If it had ended with legs, that wouldn’t be so bad; after all, it is a bit of a scoop to reveal that women actually have lower limbs.
The problem is when journalists start to write things like this: “There is no doubt that both women [May and Sturgeon] consider their pins to be the finest weapon in their physical arsenal.” The only pins I wanted were ones to stick in my eyes. Heaven help us, who would be a female politician in this day and age? And don’t be fooled, just because we’re living in ‘this day and age’ does not mean that the ideas of the sexist past are, in fact, past.
When a woman writes how May’s “famously long extremities are demurely arranged”, while Sturgeon’s more “shapely shanks” are tantalisingly crossed, you have to admit that the objectification of women is alive and well..

It’s not that I can’t take a joke, or see the humorous side when someone takes a light-hearted look at the semiotics of dress. I’m all for the interpretation of the signs and symbols of political attire; what you wear is up for discussion if you are in the public eye.
Anybody with the temerity to put themselves forward for elected office knows only too well that growing a thick skin is part of the job description. Our elected representatives are, quite rightly, subjected to all kinds of scrutiny. The message has always been, “don’t stand for election if you’re not able for the cut and thrust of politics”. But some, like Steve Bell, have taken the thrust far too literally. The sad truth is that female politicians are subjected to the worst kind of sexism — one that personalises and sexualises.
It’s all so very dull and so very dated.
Way back in the last millennium, the focus was on women’s legs too. In the early 1990s when Edith Cresson was France’s prime minister — the first and only one to-date — she made headlines for all the wrong reasons. A respected magazine printed a picture showing she had committed an unforgiveable crime against fashion — she apparently had a ladder in her tights.

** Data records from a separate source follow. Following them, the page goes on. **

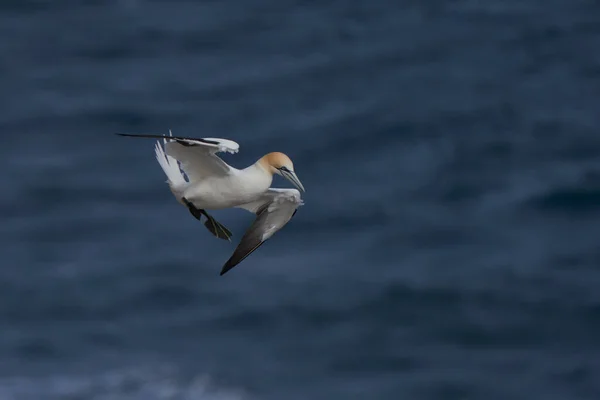 Gannet Morus Bassanus Που Έρχεται Προσγειωθεί Αποικία Gannet Στη Νήσο — Φωτογραφία Αρχείου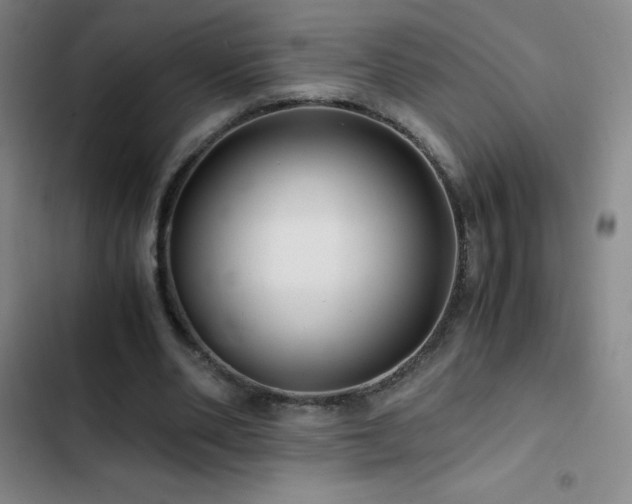 X0000103310486200808291432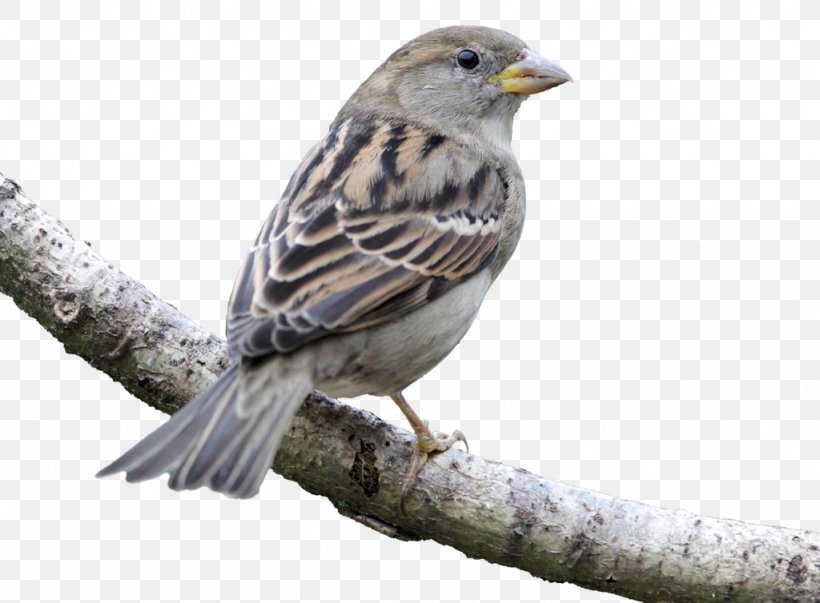 House Sparrow Bird Finch American Sparrows Beak, PNG, 1024x754px, House Sparrow, American Sparrows, Beak, Bird, Bird Feeders Download Free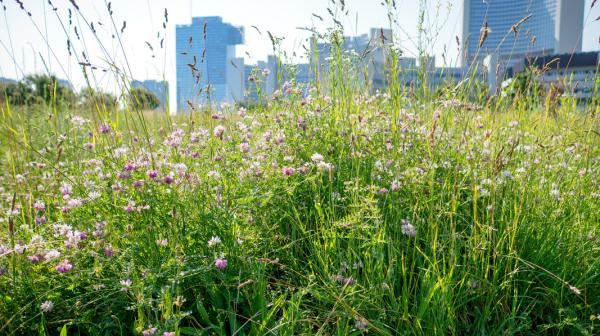 Blumenwiese vor einer Stadt
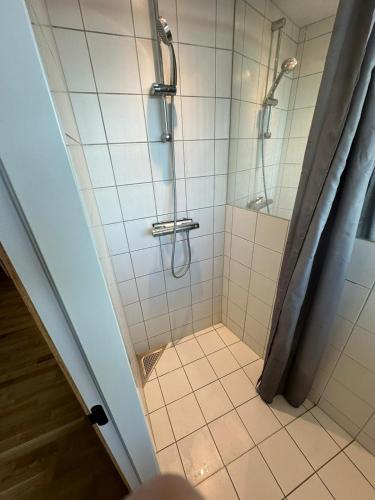 哥本哈根Central apartment Vesterbro的带淋浴和浴帘的浴室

But that was tame. She was nicknamed “La Pompadour” after the official chief mistress of Louis XV, and had to endure the protesting banners of farmers who said they hoped she was better in bed than in government.
She railed against the “calumnies and base deeds”.
As it happened, her term as prime minister was disastrous and short-lived. It lasted just 10 months. She went on to become a European commissioner but was forced to resign, in 1999, in a corruption scandal that involved serious financial irregularities over many years.
It goes to show that when dealing with politicians, of both genders, it makes sense to take your eye off their legs and keep it on the ball.